▶ _What is expected_
Transcribe every entry that follows exactly, omitting all pictures.
Records for this task below:
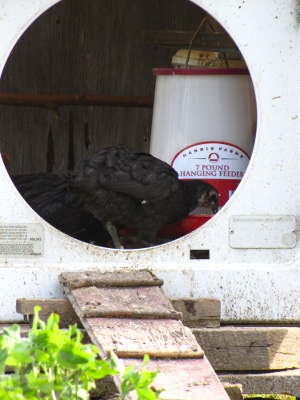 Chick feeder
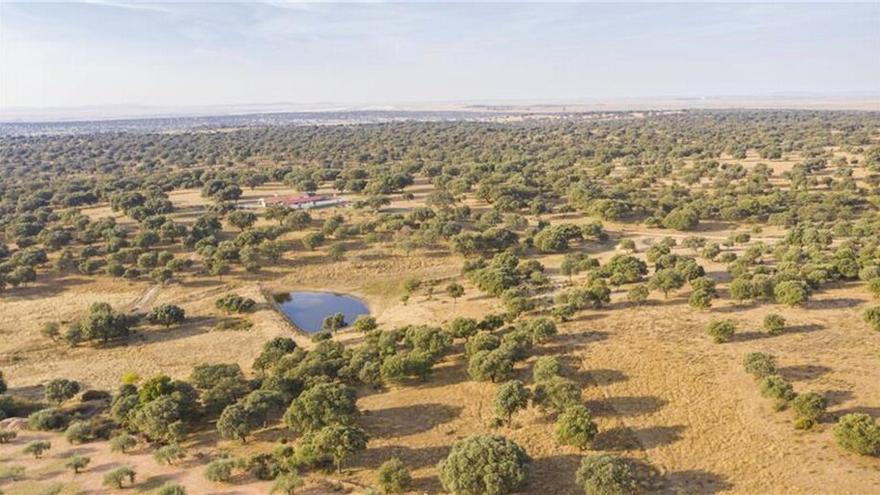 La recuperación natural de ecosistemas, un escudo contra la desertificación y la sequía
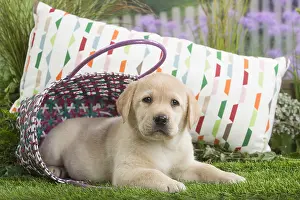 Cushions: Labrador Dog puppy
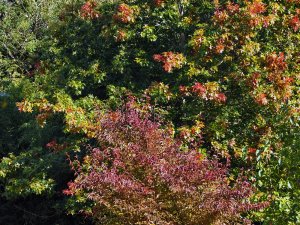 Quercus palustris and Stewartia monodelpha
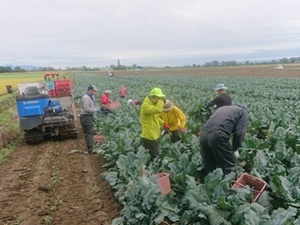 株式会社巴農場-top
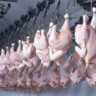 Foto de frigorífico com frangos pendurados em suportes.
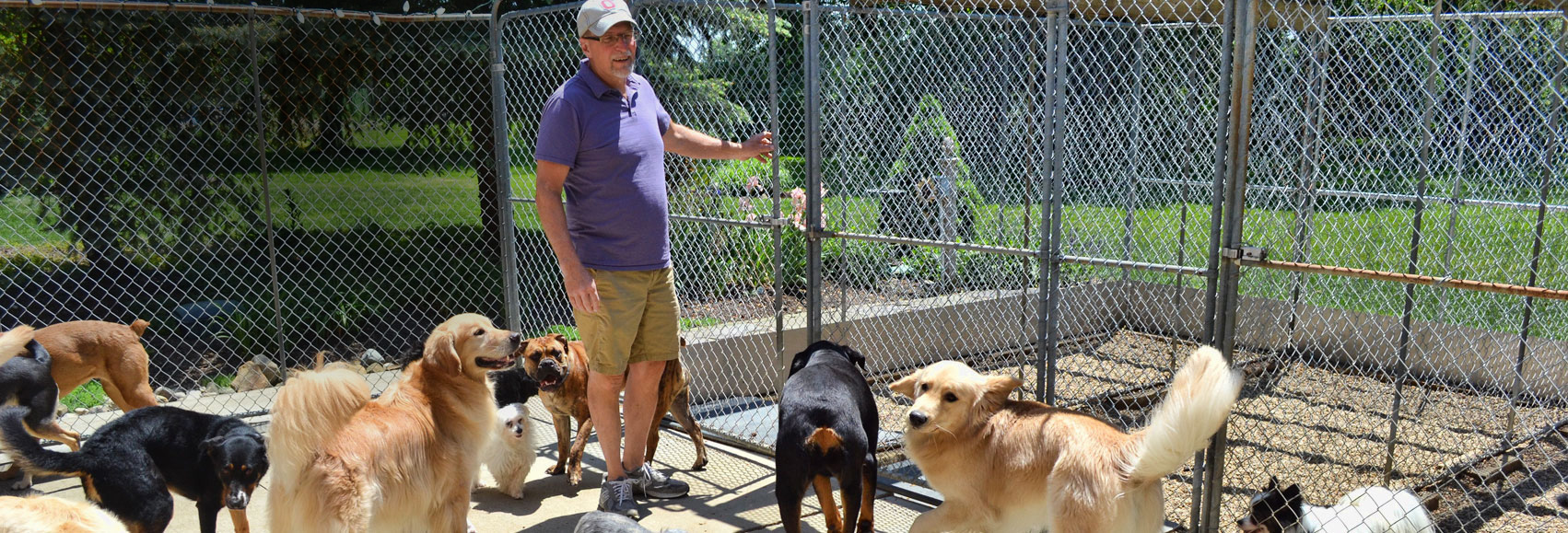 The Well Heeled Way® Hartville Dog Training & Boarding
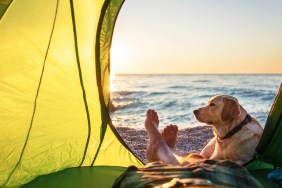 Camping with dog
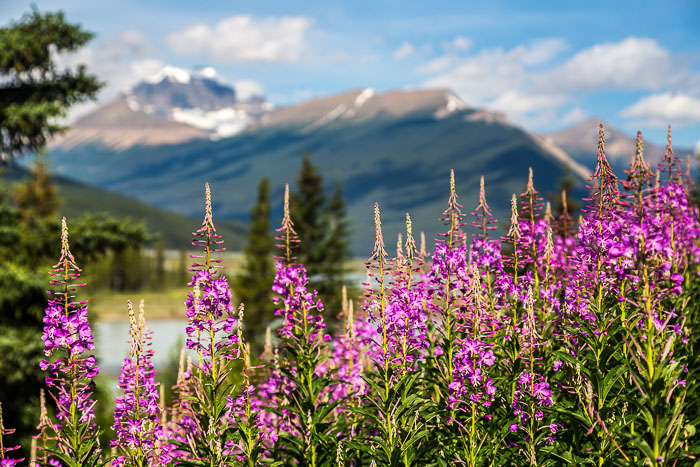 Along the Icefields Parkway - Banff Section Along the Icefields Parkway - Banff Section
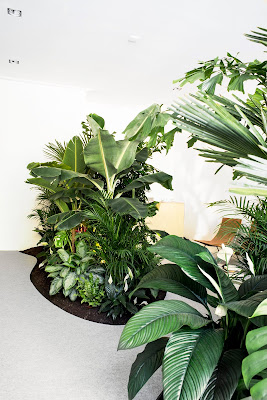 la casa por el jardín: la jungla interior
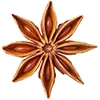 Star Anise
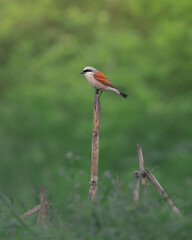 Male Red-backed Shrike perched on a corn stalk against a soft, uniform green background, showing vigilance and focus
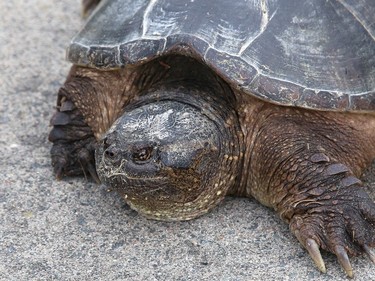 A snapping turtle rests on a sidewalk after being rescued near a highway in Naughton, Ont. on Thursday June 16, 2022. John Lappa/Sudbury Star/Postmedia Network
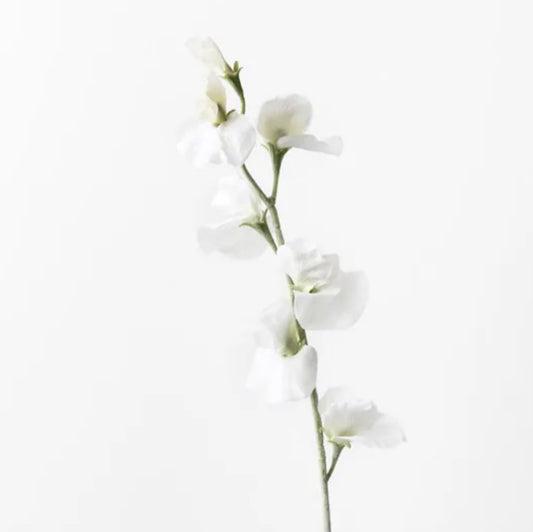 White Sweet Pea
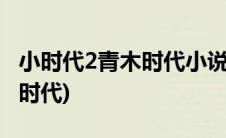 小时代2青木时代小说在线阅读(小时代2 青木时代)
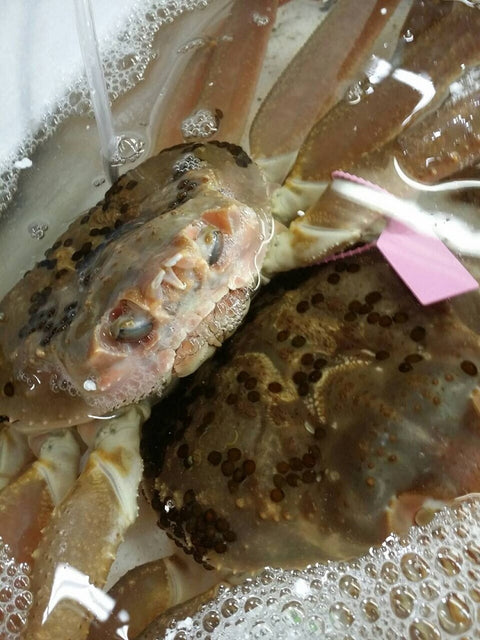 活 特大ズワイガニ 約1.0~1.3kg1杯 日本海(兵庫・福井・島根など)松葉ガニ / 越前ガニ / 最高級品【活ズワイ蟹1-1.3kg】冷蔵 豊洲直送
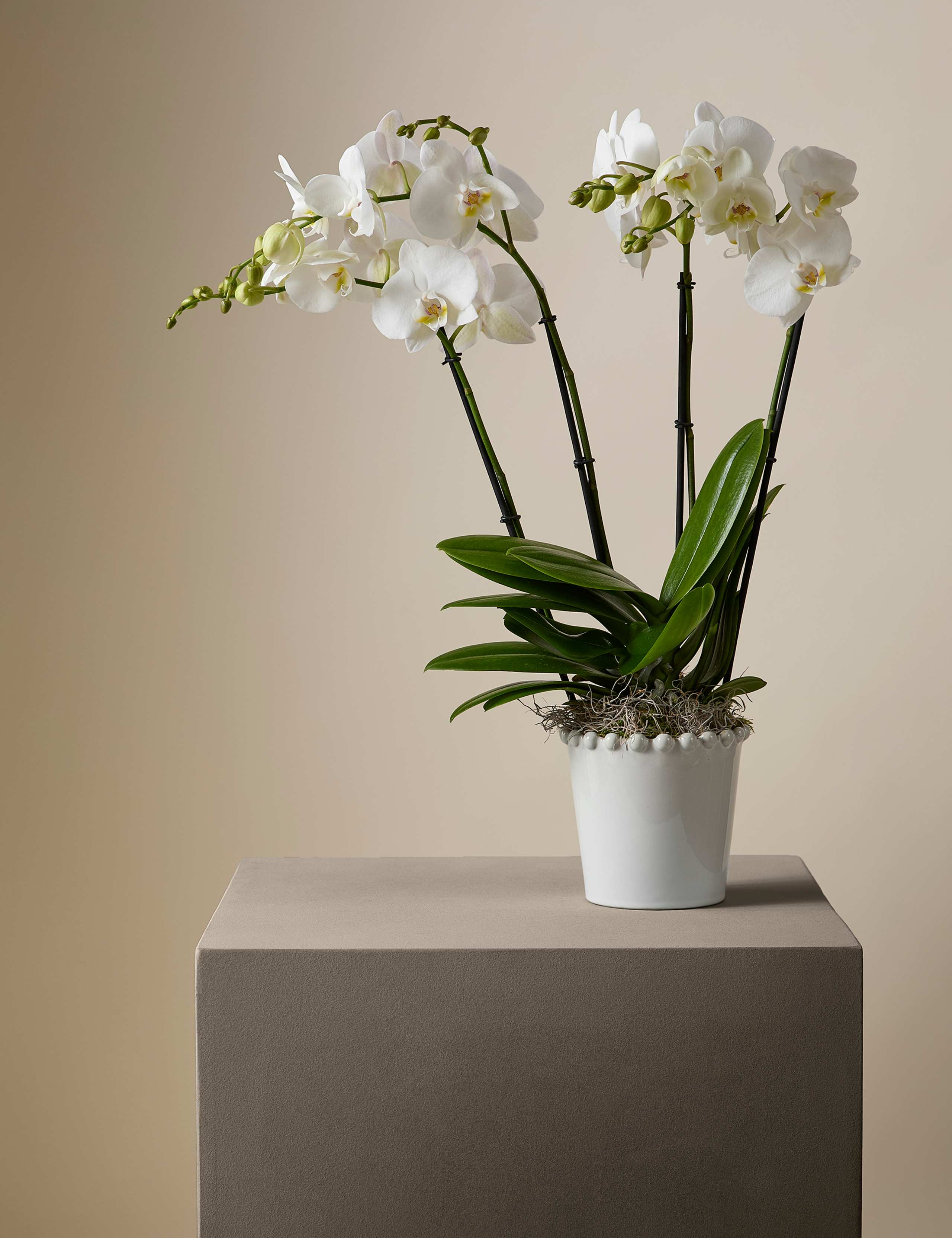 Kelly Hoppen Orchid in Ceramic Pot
End of Records for this task.
▶ _Response box_
 Chick feeder
 La recuperación natural de ecosistemas, un escudo contra la desertificación y la sequía
 Cushions: Labrador Dog puppy
 Quercus palustris and Stewartia monodelpha
 株式会社巴農場-top
 Foto de frigorífico com frangos pendurados em suportes.
 The Well Heeled Way® Hartville Dog Training & Boarding
 Camping with dog
 Along the Icefields Parkway - Banff Section Along the Icefields Parkway - Banff Section
 la casa por el jardín: la jungla interior
 Star Anise
 Male Red-backed Shrike perched on a corn stalk against a soft, uniform green background, showing vigilance and focus
 A snapping turtle rests on a sidewalk after being rescued near a highway in Naughton, Ont. on Thursday June 16, 2022. John Lappa/Sudbury Star/Postmedia Network
 White Sweet Pea
 小时代2青木时代小说在线阅读(小时代2 青木时代)
 活 特大ズワイガニ 約1.0~1.3kg1杯 日本海(兵庫・福井・島根など)松葉ガニ / 越前ガニ / 最高級品【活ズワイ蟹1-1.3kg】冷蔵 豊洲直送
 Kelly Hoppen Orchid in Ceramic Pot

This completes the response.